La semántica descentralizante que abandera Ximo Puig resulta atrevida y atractiva. Es una bocanada de aire fresco tras tanta sumisión improductiva y aporta una mirada diferente del Estado que a buen seguro conecta con segmentos sociales de coordenadas muy diversas. Madrid, la España rellenada, no puede ser el centro de todo, el pilar que sostiene al Estado entero. Pero, más allá de ese desiderátum, urgen acciones concretas, pasos mucho más decididos a favor de los recursos que la ciudadanía valenciana merece. La complacencia no será la solución. La Generalitat Valenciana nunca había sido, como es hoy, la principal administración autonómica en poder del (de los) partido(s) que ocupa(n) el Gobierno del Estado. Esa posición preeminente se había circunscrito a Madrid y Andalucía. Hacer valer ese activo, explotarlo, es una obligación. En el caso de Ximo Puig, elevar el tono le granjearía simpatías en caladeros no estrictamente socialistas, y en el de Rubén Martínez Dalmau, en calidad de vicepresidente segundo con línea directa con Iglesias, un espíritu más reivindicativo podría ayudarle a proyectar su de momento cuasi transparente imagen. Hay que trasladar hasta la saciedad que la condición de comunidad pobre que paga como rica que suavemente ha calado en las elites y desprenderse de una vez por todas de la sensación sonrojante de que “contra Rajoy se vivía mejor”.

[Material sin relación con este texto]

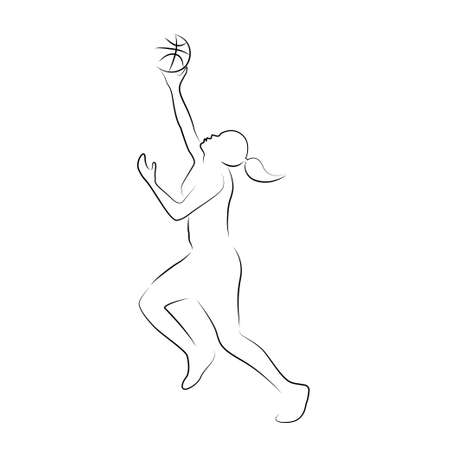 Woman playing backetball. Abstract silhouette of a basketball player on white background. Line art.のイラスト素材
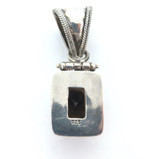 Stylish Sterling Silver & Rectangular Smoky Quartz Pendant 13.4g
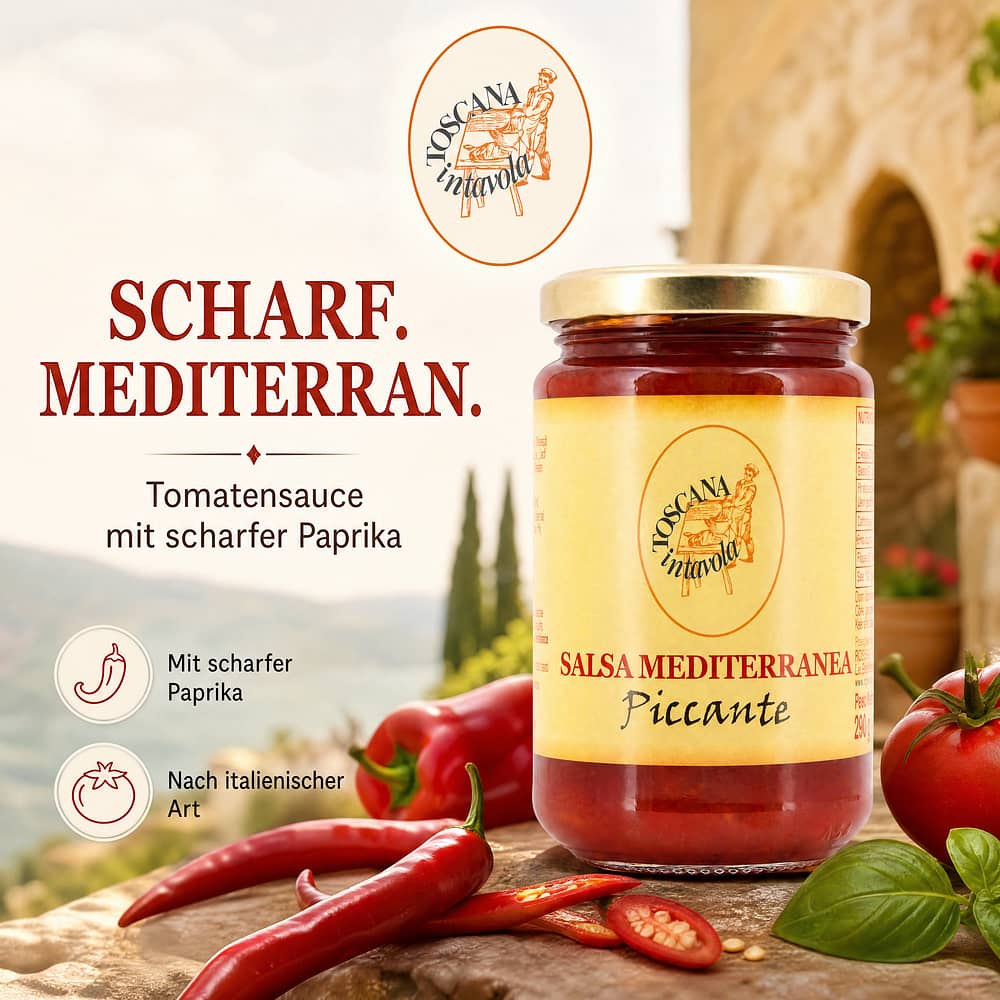 TOSCANA intavola Salsa Mediterranea Piccante Tomatensauce mit scharfer Paprika 290 Gramm Produktbild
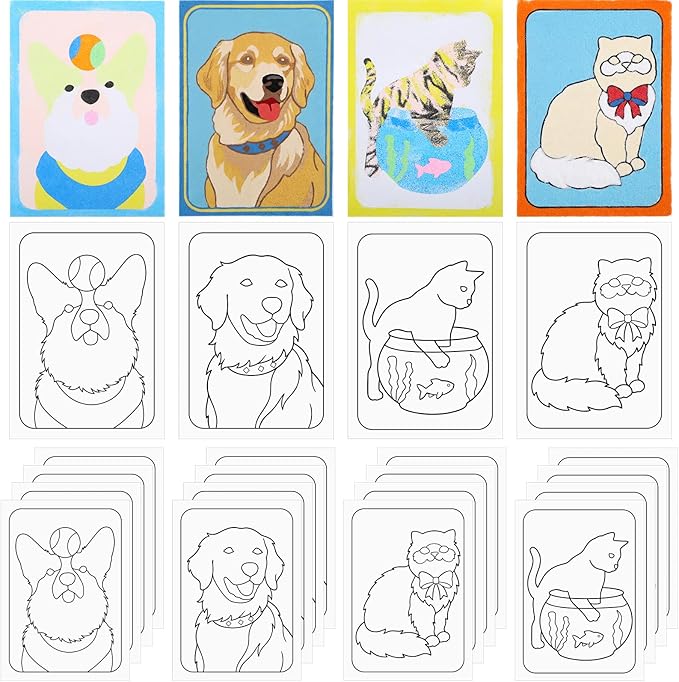 Watersay 24 Pack Unfinished Adhesive Sand Art Painting Boards Peel Stick by Unknown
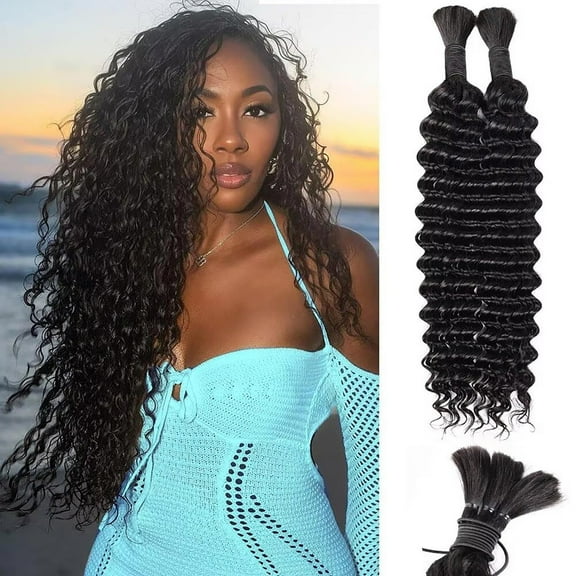 Easter Human Hair Bulk - 18 Inch Braiding Hair Human Hair Extensions for Box Braids/ Soft & Black Pullover Toupee St. Patrick'S Day, Wedding, Season, Anniversary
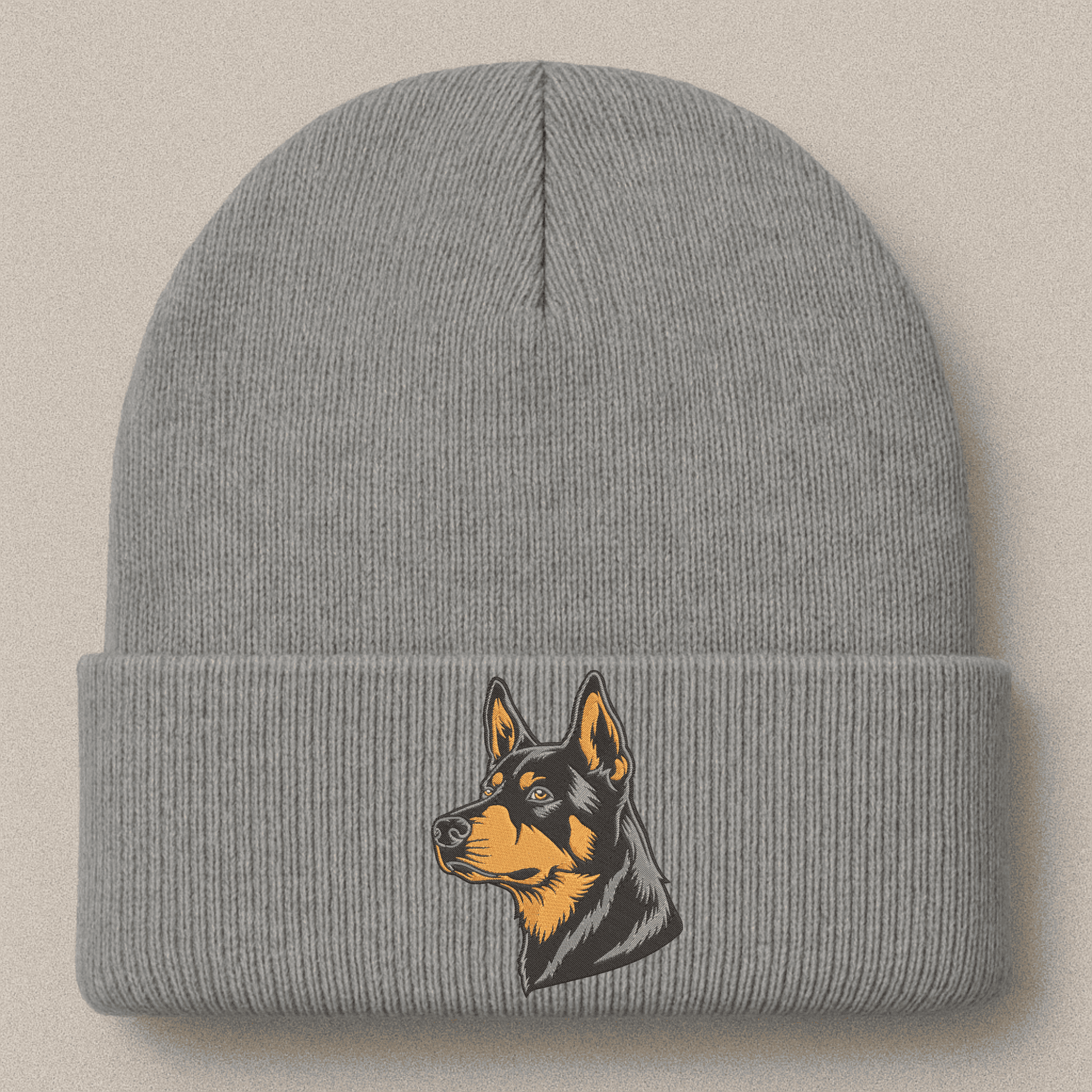 Doberman head stitch design for clothing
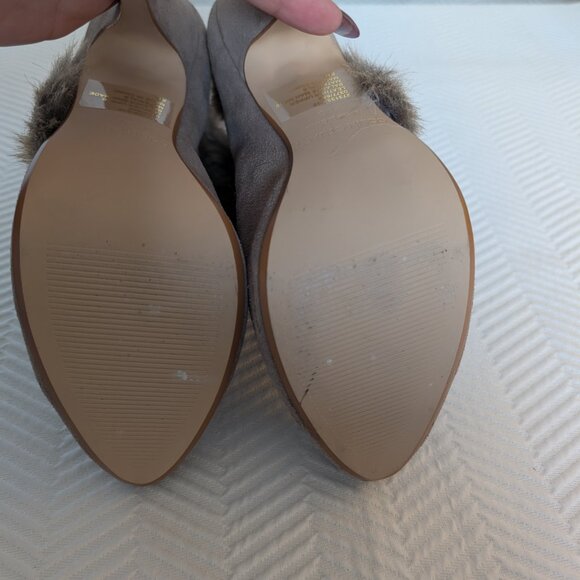 Colin Stuart Suede Faux Fur Stiletto Booties Y2K Size 8 New Neutral - Picture 6 of 13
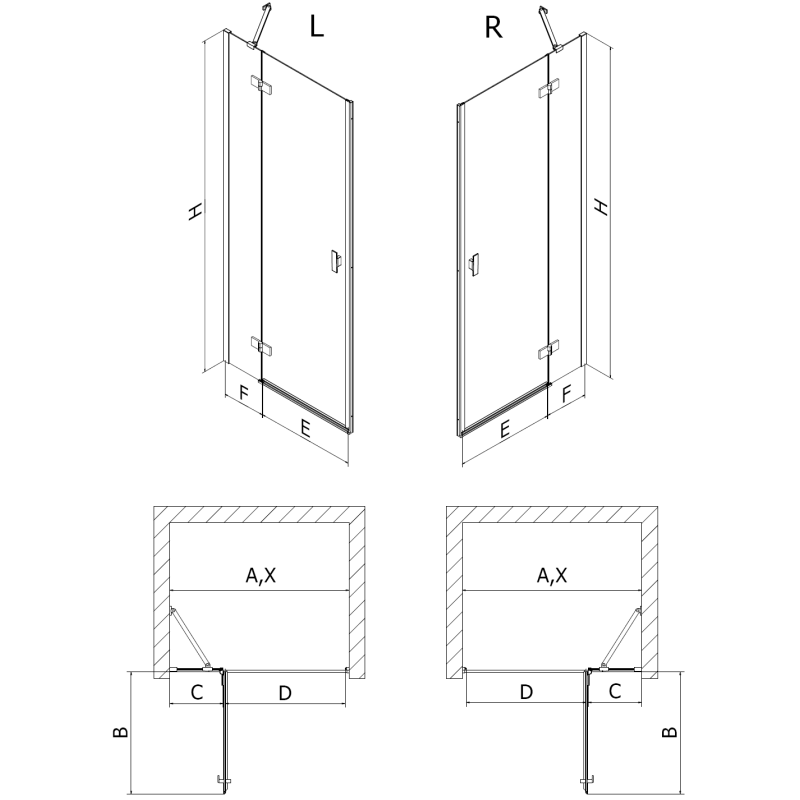 Mexen Mist-H sprchové dvere výklopné ľavé 120 cm, transparentné, brúsená meď - 8A5-120-000-65-00-L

¿Cómo materializar ese “aquí estamos”? ¿Cómo se da ese golpe en la mesa? Utópicamente, votando en el Congreso de la mano, por encima de intereses partidistas, alguna iniciativa lo verdaderamente exigente que sirva para presionar a los gobernantes y que tenga auténtica repercusión mediática. Si ello no es posible, pergeñando, al menos, una acción de impacto que visibilice el maltrato prolongado que, con gobiernos de uno y otro signo, ha supuesto un lastre para la economía valenciana y española. Consell, grupos parlamentarios, empresarios, sindicatos y universidades tienen que acordar ese impulso, involucrando en él al resto de la sociedad. Extremadura, Teruel y León, con bastantes menos recursos humanos, ya lo han conseguido.